2

I've got this data frame with data from IMDb in it. One of the columns has the movie title with the year attached in parentheses. Looks like this:

The Shawshank Redemption (1994)

What I really want is to have the title and year separate. I've tried a couple of different things (split, strsplit), but I've had no success. I try to split on the first parentheses, but the two split functions don't seem to like non-character arguments. Anyone have any thoughts?

Jaap
  • 81,064
  • 34
  • 182
  • 193
milk
  • 123
  • 5
  • 2
    Try `strsplit(as.character(v1), '\\s*\\(|\\)')[[1]]` where `v1 <- 'The Shawshank Redemption (1994)'` I used `as.character` as I suspect your column might be `factor` class. – akrun Sep 23 '15 at 14:45
  • 2
    Welcome to SO. Here's how to create a [reproducible example](http://stackoverflow.com/questions/5963269/how-to-make-a-great-r-reproducible-example). Include what you've already tried and why it didn't work. – Heroka Sep 23 '15 at 14:45
  • 1
    @akrun, could you please post your answer and explain it? – Soheil Sep 23 '15 at 14:46
  • 1
    Don't know if @akrun's solution works if there are parenthesis in the movie title – nicola Sep 23 '15 at 14:50
  • 2
    @nicola In that case, we may use `strsplit(as.character(d1$v1), '\\s*\\((?=[0-9])|(?<=[0-9])\\)', perl=TRUE)[[1]]` – akrun Sep 23 '15 at 14:51
  • @akrun can you explain the ?<=[0-9] portion of your solution? (as compared to ?=[0-9]) – Andrew Taylor Sep 23 '15 at 14:59
  • @AndrewTaylor It is a lookaround to match the `)` preceded by a number or a parentheses `(` followed by a number. – akrun Sep 23 '15 at 15:01

4 Answers4

7

The strsplit works on character columns. So, if the column is factor class, we need to convert it to character class (as.character(..)). Here, I matching zero or more space (\\s*) followed by parenetheses (\\() or | the closing parentheses (\\)) to split

strsplit(as.character(d1$v1), '\\s*\\(|\\)')[[1]]
#[1] "The Shawshank Redemption" "1994"         

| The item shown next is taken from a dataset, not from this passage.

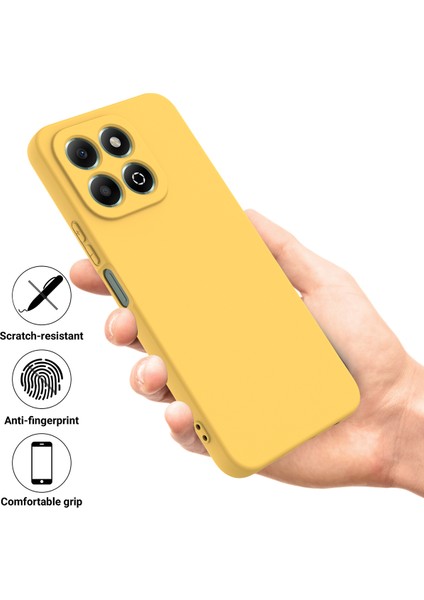Honor X6B 4g Kılıf Düşmeye Karşı Dayanıklı Sıvı Silikon Telefon Kılıfı Kayışlı-Sarı (Yurt Dışından) fiyatları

Or we can place the parentheses inside [] so that we don't have to escape \\ (as commented by @Avinash Raj)

strsplit(as.character(d1$v1), '\\s*[()]')[[1]]

data

v1 <- 'The Shawshank Redemption (1994)'
d1 <- data.frame(v1)
akrun
  • 874,273
  • 37
  • 540
  • 662
  • This worked, but returned a data.frame with two rows containing the titles and years instead of two columns. Still worked, though! – milk Sep 23 '15 at 15:54
  • @milk May be you need `do.call(rbind, strsplit(as.character(d1$v1), '\\s*[()]'))` I used `[[1]]` because there was only a single element. – akrun Sep 23 '15 at 16:00
3

If you want to do an exact splitting (ie, splitting on the brcakets which exists at the last), you may try this.

x <- c("The Shawshank Redemption (1994)", "Kung(fu) Pa (23) nda (2010)")
strsplit(as.character(x), "\\s*\\((?=\\d+\\)$)|\\)$", perl=T)
# [[1]]
# [1] "The Shawshank Redemption" "1994"                    

# [[2]]
# [1] "Kung(fu) Pa (23) nda" "2010"
Avinash Raj
  • 172,303
  • 28
  • 230
  • 274
2

tidyr solution

df%>%separate(col,c("name", "year"), "[()]")

Thanks to Avinash, I can take his regular expression and apply in tidyr

m<-c("The Shawshank Redemption (1994)","The Shawshank (Redemption) (1994)", "Kung(fu) Pa (23) nda (2010)")
m2<-data.frame(m)
m2%>%separate(m,c("name", "year"), "\\s*\\((?=\\d+\\)$)|\\)$")

                        name year
1   The Shawshank Redemption 1994
2 The Shawshank (Redemption) 1994
3       Kung(fu) Pa (23) nda 2010
Ananta
  • 3,671
  • 3
  • 22
  • 26
0

Try the following code:

t(sapply(strsplit(c("The Shawshank Redemption (1994)"), '\\s*\\(|\\)'),rbind))

The above code will work if you just pass in the column of your data frame containing the title.

FelixNNelson
  • 161
  • 4